Michael Wilmington of the Los Angeles Times called the film a "low-rent women's prison movie which gives us plenty of lust and little freedom. Shot with the elan of a TV soap opera on a bad day and packed with performances for which 'staggeringly inept' might be a mild compliment, this appalling little Troma Team release offers murder, mayhem, kidnapping, drugs, false arrest, perversion, rape, pornography, white slavery, arson, carnage—and, as if all that weren't enough, a rigged wrestling match." Wilmington wrote, "As Gillian's whacked-out narration drones on, we can sense discontent brewing among her fellow inmates. Soon, the prison populace explodes into revolt, overwhelmed by the lust for freedom—or perhaps just sick of hearing the same two Grim Reaper songs repeated endlessly on the sound track." Wilmington wrote that the film "has one thing going for it: It looks as though it cost almost nothing to make. That's a relief. Even if this movie is abysmal, at least it doesn't look profligate."[1]

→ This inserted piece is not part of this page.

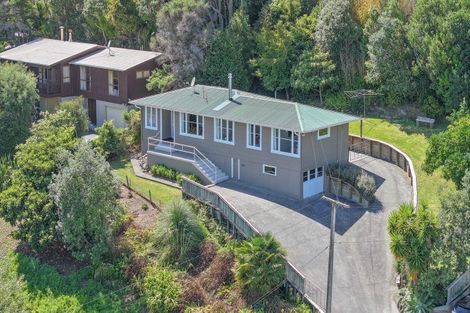 Photo of property in 110 Brunton Crescent, Thames, 3500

Lou Lumenick of The Record wrote, "While this may not actually be the case, 'Lust for Freedom' looks as if its creators started out making a hard-core porno film and switched midway to a soft-core, women's prison picture. If there were any criteria for casting most of the women other than their willingness to take off their clothes, it isn't apparent in the final product, which is unprofessional even by the standards of the Troma Team, whose last effort was 'Surf Nazis Must Die.' When the women prisoners aren't parading in halter, shorts, and heavy makeup, they are as consistently overexposed in the endless shower and lesbian scenes as the movie's photography is underexposed." Lumenick wrote that although Coll does not appear nude in any scenes, "the moronic script abundantly makes up for that with other humiliations such as encounters with crazed lady wrestlers and psychotic Indians. Kevin Costner's career may have survived Eric Louzil's direction in 'Sizzle Beach, U.S.A.,' but it's doubtful Coll will be able to say the same."[12]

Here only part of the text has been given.